The fact is that none of this is working. The war on drugs has been a dismal failure. If it was intended to stop being getting addicted to harmful narcotics, it hasn’t worked. Drug abuse is far higher now than it was in the 1970s.
This is not just a US issue, what the US does the British government is often not far behind.
The criminalisation of drugs in the UK began during World War One. The Defence of the Realm Act that made it illegal to sell cannabis and opiates as part of the drive to keep the population useful for the war machine. Now over 100 years later drug addictions are still with us. The danger is that because drugs are criminalised it makes it harder for people to get help – it makes drugs into an issue of crime, not public health.
Some people think that arresting drug addicts and shooting drug dealers will solve the problem. But getting high has always been something humans have done. Since primate society we have been making beer and eating weird mushrooms. You can’t stop that kind of activity (any more than you can stop people having consensual sex) but if drugs are very powerful and addictive you can ensure they are as safe as possible and mitigate the social problems associated with them (for instance addicts becoming criminals to feed their habit).

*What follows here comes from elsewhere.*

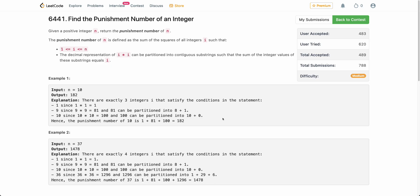Hello everyone, welcome back. In this video we will be discussing the third problem of today's weekly contest: find punishment number of an integer. The problem says that you are given a positive integer n and you have to return the punishment number of n.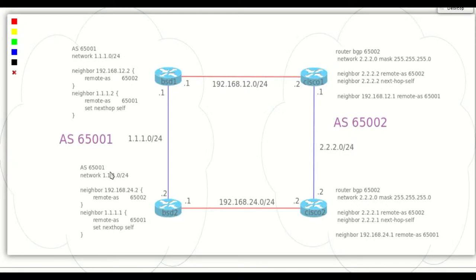In this demo I want to show how to influence BGP best path decisions with basic BGP attributes like AS path prepend and local preference.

And we have to have the tough argument. It is easy to call for drug addicts to be treated in hospitals and not prisons, but addiction is only one end of the issue. Around the world there are more and more calls for the decriminalisation or legalisation of drugs, to treat addiction as a public health issue, not a criminal matter, for the trade in drugs to be taken out of the control of gangs, to be regulated, taxed and properly checked.
The war on drugs is a poison. It is a poison that is destroying communities and killing thousands every year. People are dying due to over policing, violent conflicts, taking bad drugs, overdosing, turf wars between drug gangs and everything else associated with the disastrous and fatal global war. It is time for it to come to an end and for common sense to prevail.